(Problem):
Quote exactly and only this range of lines in the data below: the line that holds "Aotearoa Ngai Te" to the line that holds "transparent PNG cut-out", both included.

(Records shown):
%%

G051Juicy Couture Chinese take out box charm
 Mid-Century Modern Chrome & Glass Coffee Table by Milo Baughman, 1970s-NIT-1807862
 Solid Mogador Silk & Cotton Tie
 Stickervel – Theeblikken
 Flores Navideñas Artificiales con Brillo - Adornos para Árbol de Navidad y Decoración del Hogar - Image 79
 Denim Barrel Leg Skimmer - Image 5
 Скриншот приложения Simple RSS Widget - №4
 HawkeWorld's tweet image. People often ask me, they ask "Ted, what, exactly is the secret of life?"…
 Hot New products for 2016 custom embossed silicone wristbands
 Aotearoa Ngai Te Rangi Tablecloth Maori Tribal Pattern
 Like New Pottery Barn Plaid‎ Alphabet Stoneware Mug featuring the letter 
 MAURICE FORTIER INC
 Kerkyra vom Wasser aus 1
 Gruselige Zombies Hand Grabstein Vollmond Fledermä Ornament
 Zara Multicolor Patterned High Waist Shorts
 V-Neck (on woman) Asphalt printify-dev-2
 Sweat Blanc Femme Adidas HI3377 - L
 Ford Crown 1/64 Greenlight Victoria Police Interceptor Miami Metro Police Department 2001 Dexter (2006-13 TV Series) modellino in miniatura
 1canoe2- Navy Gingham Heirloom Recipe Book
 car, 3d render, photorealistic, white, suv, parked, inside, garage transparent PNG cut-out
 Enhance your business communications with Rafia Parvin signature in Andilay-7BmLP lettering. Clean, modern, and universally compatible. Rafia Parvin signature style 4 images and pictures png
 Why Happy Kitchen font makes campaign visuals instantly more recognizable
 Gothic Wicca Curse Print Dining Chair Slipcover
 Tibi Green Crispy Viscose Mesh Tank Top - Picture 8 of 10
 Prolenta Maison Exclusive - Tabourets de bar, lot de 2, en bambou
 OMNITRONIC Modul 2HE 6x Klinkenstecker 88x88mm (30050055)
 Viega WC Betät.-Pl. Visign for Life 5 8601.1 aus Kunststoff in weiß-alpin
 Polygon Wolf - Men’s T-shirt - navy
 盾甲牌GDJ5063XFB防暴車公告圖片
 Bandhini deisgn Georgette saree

%%

(Task response):
 Aotearoa Ngai Te Rangi Tablecloth Maori Tribal Pattern
 Like New Pottery Barn Plaid‎ Alphabet Stoneware Mug featuring the letter 
 MAURICE FORTIER INC
 Kerkyra vom Wasser aus 1
 Gruselige Zombies Hand Grabstein Vollmond Fledermä Ornament
 Zara Multicolor Patterned High Waist Shorts
 V-Neck (on woman) Asphalt printify-dev-2
 Sweat Blanc Femme Adidas HI3377 - L
 Ford Crown 1/64 Greenlight Victoria Police Interceptor Miami Metro Police Department 2001 Dexter (2006-13 TV Series) modellino in miniatura
 1canoe2- Navy Gingham Heirloom Recipe Book
 car, 3d render, photorealistic, white, suv, parked, inside, garage transparent PNG cut-out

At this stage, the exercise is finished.